Red, if you have a source that says that CSI and the new socket will be out in 2008 then by all means post it.

Anonymous said...

~6 months earliest possibilty of Barcelona, still in 2007, '1' year away from now. Perhaps he's using the same logic that you're using that CSI will come Q408/Q109, therefore, CSI will come in '3' years. You specify that some random fanboi declares Nehalem in H108, how about telling us what half of 09:)

Scientia, you provided the ubsubstantiated claims of CSI performance/features, socket date.
http://www.vr-zone.com/?i=4182
Perhaps they are not to your liking, but at least I actually provided a source. Where's yours?

Wise lnvestor said...

Thanks Scientia. Real insight are difficult to find and having someone willing to share it impartially is even more precious.

Thank you and keep up the good work. No need to concern your self too much for people who have ADD. ^^

Anonymous said...

Quad FX sucks period. Performance, wattage, overclockability.
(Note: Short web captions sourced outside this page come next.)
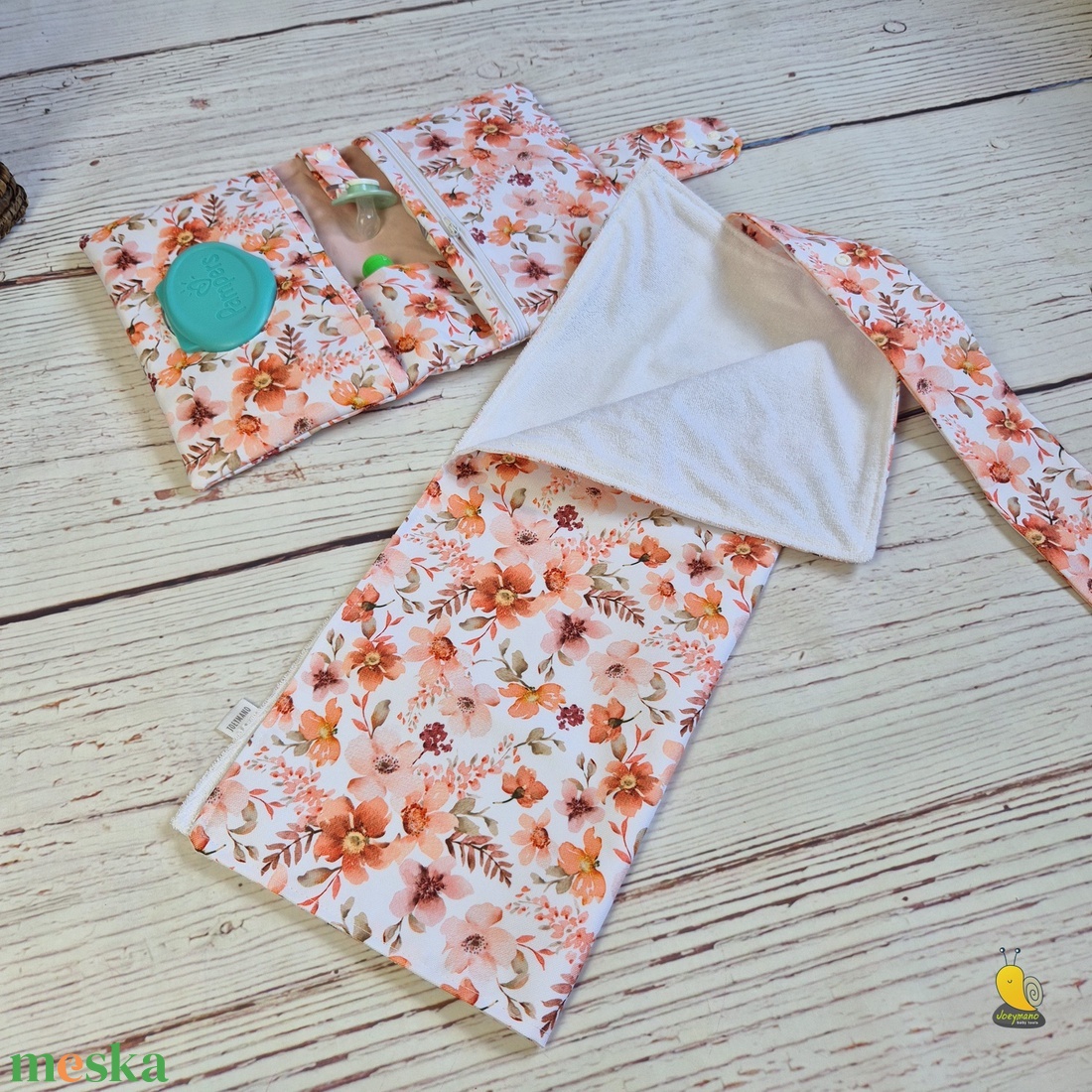 Vízhatlan pelenkázó neszesszer - Virágzás - baba - mama - pelenkázó, babafürdető kellékek - pelenkázó neszeszer, pelenkatartó - Meska.hu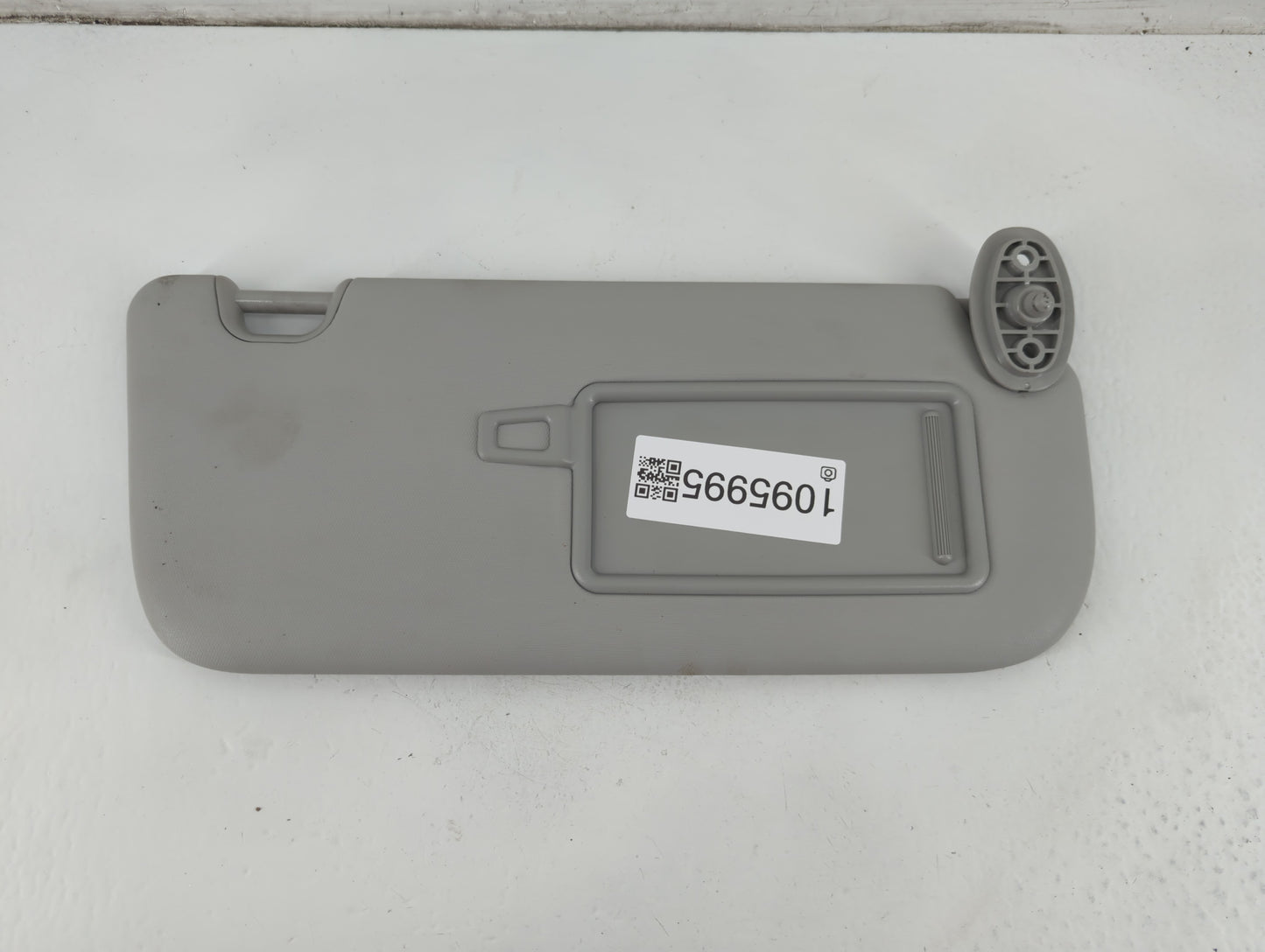 2014-2019 Kia Soul Sun Visor Shade Replacement Passenger Right Mirror Fits Fits 2014 2015 2016 2017 2018 2019 OEM Used Auto 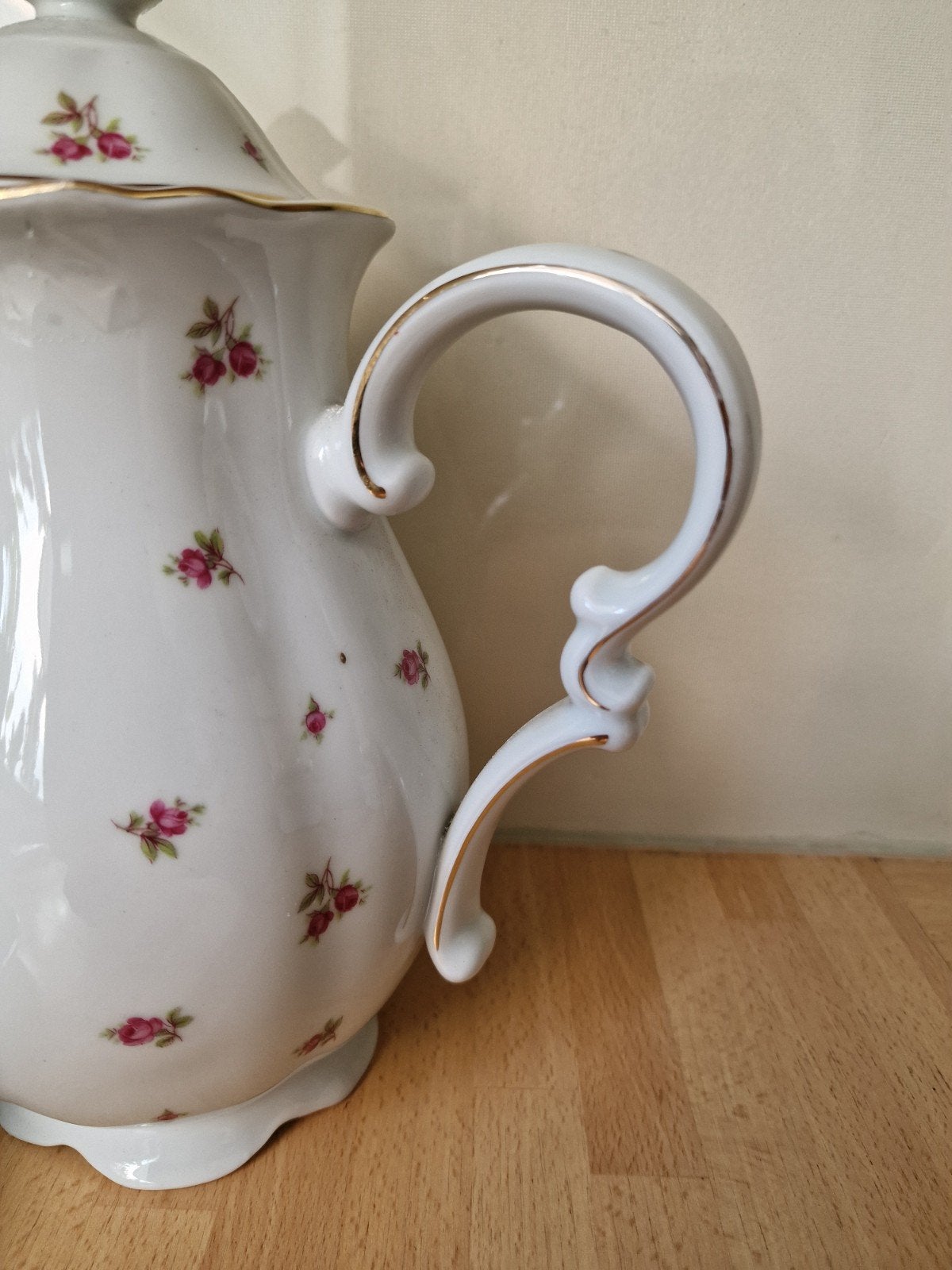 Pot met roosjes van Bavaria Mitterteich, Antiek en Kunst, Ophalen of Verzenden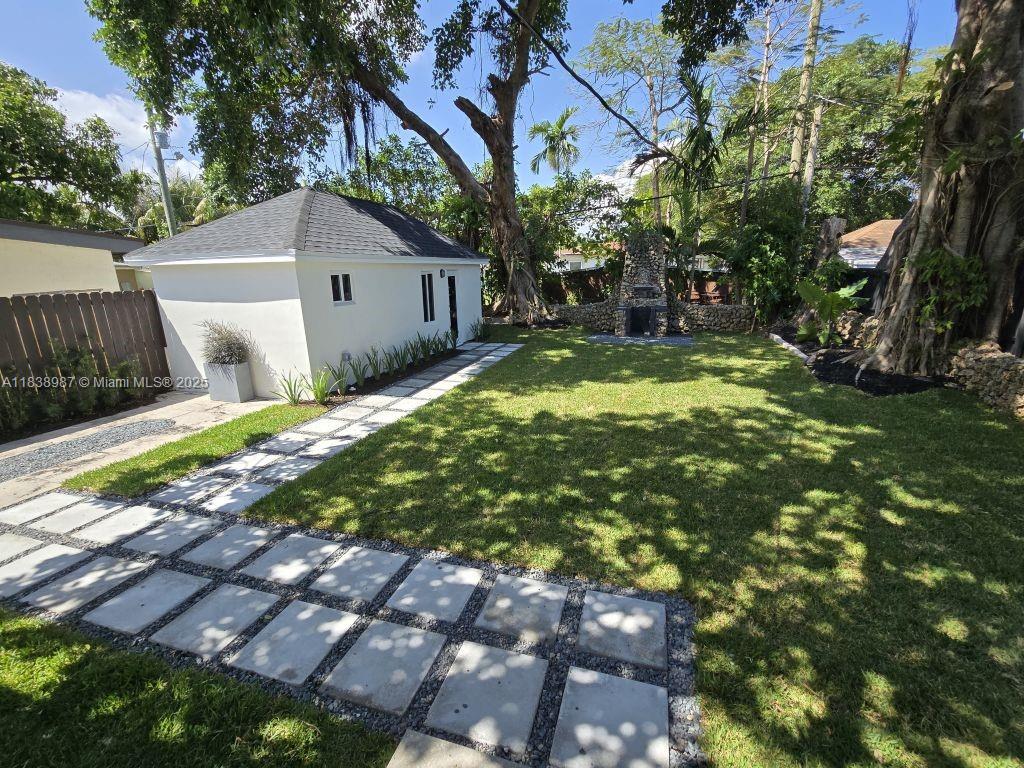 1923 NW 48th St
The only real world test where I see Quad FX ahead is..
http://www.hwupgrade.com/articles/cpu/10/vegas_1_vista.png
And the Q6600 is pretty much on par/better than it everywhere else.

http://blogs.zdnet.com/Ou/?p=382&page=2
Judging by comments by AMD, it seems even they realize how much of a dud it is.
I spoke with AMD today by phone to ask them about the poor performance results...and they tried to direct my attention to the platform. AMD points out that this will usher in a new era of dual socket desktop PC computing though companies like Dell and Apple have been selling dual socket Intel PCs for months. AMD points out that this is for the desktop market rather than the workstation or server market though I still don't understand what difference it makes other than the name we give it.

I don't know what 'irreleveant' benches you're seeing. And there is no amount of tweaking to justify double the wattage, even if Quad FX could be potentially 5% ahead in general. There are benches on [H] and TechReport where Quad FX is more favorable, but still a dud. But considering that QX6700 is running for $1700 on Newegg, FX74 isn't that bad.. Except that Dailytech claims Q107 availability for Quad FX, and at that time, Q6600 which is on par/cheaper with FX74 will arrive.

Oh yeah, a bunch of jabber about 'correlation'. I remember how passionate you were about QX6700 being 'just' 30% better for DivX. Now Quad FX is ~similar, but the tests are irrelevant because it doesn't achieve your 95% scaling?

Your power argument that 2 QX6700s is on par with 2 K8Ls is silly. Somehow I feel like Intel is not going to stoop to dual socket ridiculousness to compete in something that they don't need to.

Intel's server version is here..? Tigerton will be essentially Clovertowns, not doubling Tulsas. Tulsas are 95W/150W, Clovertown are 80W/120W.